Viola Davis Is Redefining What it Means to Be a Black Woman on TV “Out of Necessity
Article taken from InStyle.
At the 71st Emmy Awards on September 22, Viola Davis appeared as a presenter and a nominee for her role in How To Get Away With Murder. The actress wore a black-and-white Alberta Ferretti gown she had paired with platform New Balance sneakers to TV’s biggest night, proving that she remains an innovator. Davis’ journey at the Emmys began in 2015 when she became the first woman of color to win in the lead actress category, for her role in HTGAWM, on which she’s also a producer — a dual, on-and-offscreen role she says came “out of necessity.”
“I’m fighting for something bigger than myself, and when you do that, it’s amazing how you find your voice more,” she told InStyle on the set of How to Get Away With Murder, which will soon begin airing its sixth and final season. With the character Annalise Keating, she hopes to tell stories through which “people can redefine what it means to be a dark-skinned Black woman, where we’re not just always holding the baby, wearing aprons, cussing someone out or being the best friend with wise words of wisdom. It’s that lack of knowledge in putting myths out there and continuing them and seeing how destructive they have been within our community,” she said.
Part of this break from the expected formula means that she’s exploring topics like murder, deceit, and guilt through her character on the Shonda Rhimes-produced thriller created by Peter Nowalk. Of course, she rounds out the character with a humanity that keeps viewers connected to the fictional thriller.
“After watching the first episode, my vision of Annalise totally changed,” Nowalk told InStyle. “I saw layers in Annalise I hadn’t yet imagined — the wounded pride, the desperation to be heard, the vulnerable desire to be loved. Viola can play all of that without dialogue, so there’s really no way to articulate just how much she contributed to this role.”
It was in Davis’ first conversation with Nowalk that she pitched the unforgettable scene where Annalise peels off her wig, lashes and makeup, revealing her natural side, and says the jaw-dropping line, “Why is your penis on a dead girl’s phone?”
“It was a beautiful and freeing moment, especially for me as a woman of color,” said Amirah Vann, who joined the series in Season 4 as Tegan Price. “You saw this woman in Annalise be at peace in her truth and still maintain a power and strength. And then you see this woman in Viola who had no problem in taking her wig off and showing her natural bareness.”
As the newly minted face of L’Oréal Paris, Davis is exploring that openness with beauty — and exploring and valuing different definitions of beauty — in more than one facet of her career.
“When there is an absence of being seen that’s the biggest statement, and when you are seen and you’re in the background, that’s another huge statement,” said Davis. “That invisibility cloak immediately dictates that we are being devalued.” Putting herself and her beauty front-and-center on HTGAWM, while starring in real-world beauty campaigns, surely contribute to that invisibility cloak coming off.

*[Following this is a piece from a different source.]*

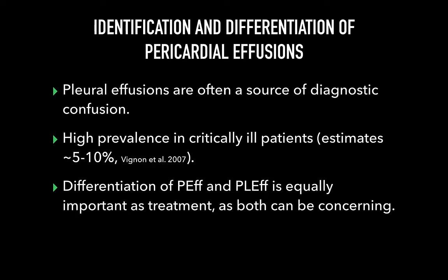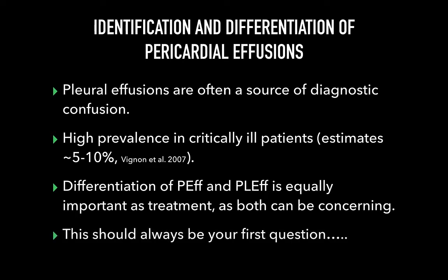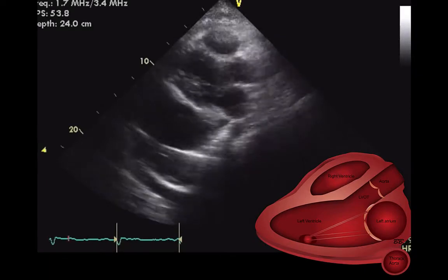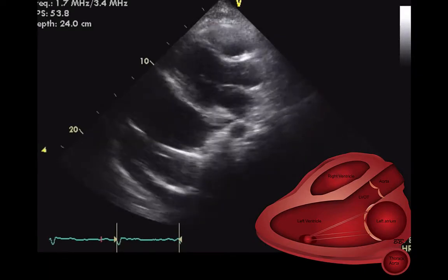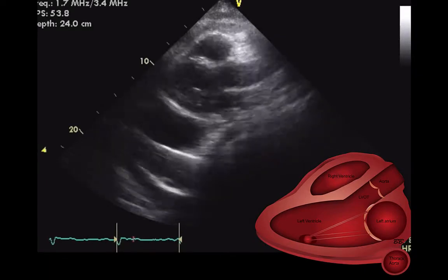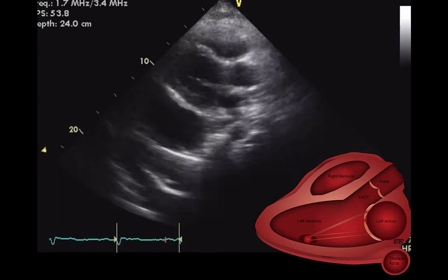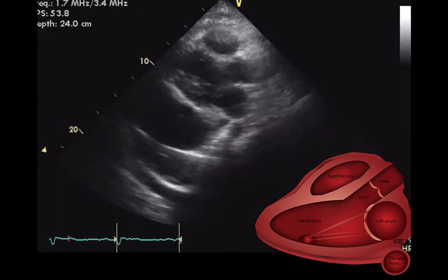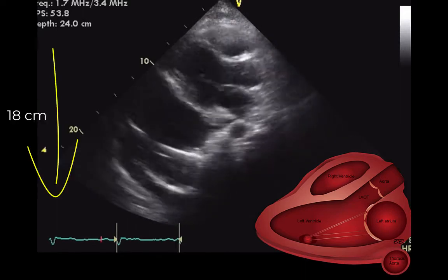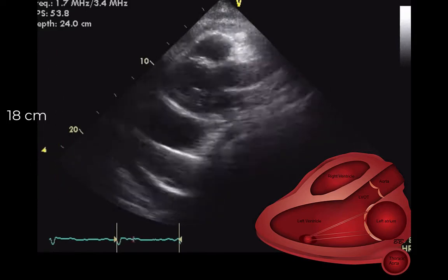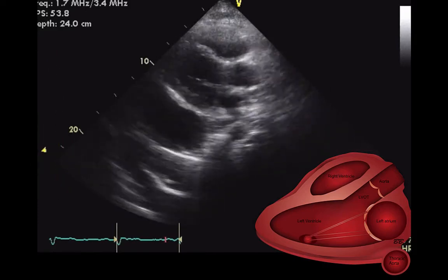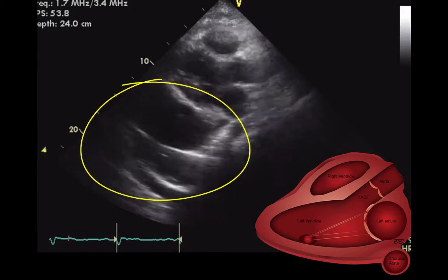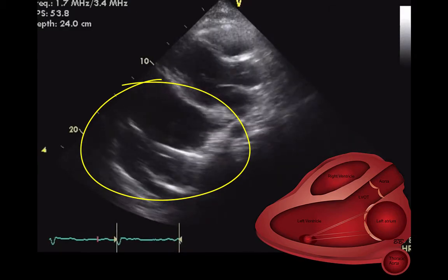Is it pleural or pericardial in nature? Both can be concerning, but the purpose is to find the most dangerous one, which is often pericardial fluid. The first view obtained on any cardiac echo should always be a general assessment view, such as this parasternal long axis view with increased depth, as in this clip. It allows identification of structures just outside the heart that can easily be missed or misinterpreted with a narrow focus.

In subtle ways, Annalise’s standout outfits also describe her growth from season to season, thanks to the genius of Lyn Paolo, the show’s costume designer.
“I like to think of Annalise putting little thought into what she’s wearing, but instead having an instinctive level of taste,” Paolo told InStyle.
You may have noticed last season that Annalise’s outfits had transitioned from dresses and pantsuits to less heels and more ankle boots and suede and leather leggings. This was an intentional decision as Davis, Paolo and Nowalk agreed that Annalise had entered a chapter of newfound strength after arguing her case in the Supreme Court.
While those watching may beg to differ, Nowalk still says, “I have no idea if anything’s changed in the actual world [because of the show]. But what I do know is how proud I am to write characters who, regardless of their labels, get to be messy, imperfect, and often terrible. Annalise is pathologically selfish. Connor chopped up a body. Laurel’s family acts out of greed. These are all characters with minority identities, and never once have I felt pressure to make them ‘good examples’ for their community. Sometimes they’re bad examples, and that’s the point.”
Although the show’s narrative is around trying to get away with murder through lies and deceit, its characters who blur the lines between good and bad make it relatable, and help it communicate a message to the viewing public.
“People have an idea of what it looks like to rise from the ashes,” said Davis, who also runs a production company, JuVee Production, with her husband Julius Tennon. “The biggest myth that keeps us in the ashes is thinking that after you do the work, you wake up one day and you have your happy ending. People are blinded by what they see in movies and television,” she said. “That’s not realistic growth. Growth, sometimes, is just going from A to B with the realization that it’s enough to get you from one leap pad to the next.”
In this final killer season, Davis is looking for personal growth with Annalise that is equal to how far in the hole she is. “Baby steps are big steps” and that’s something every viewer can digest into their own walk of life.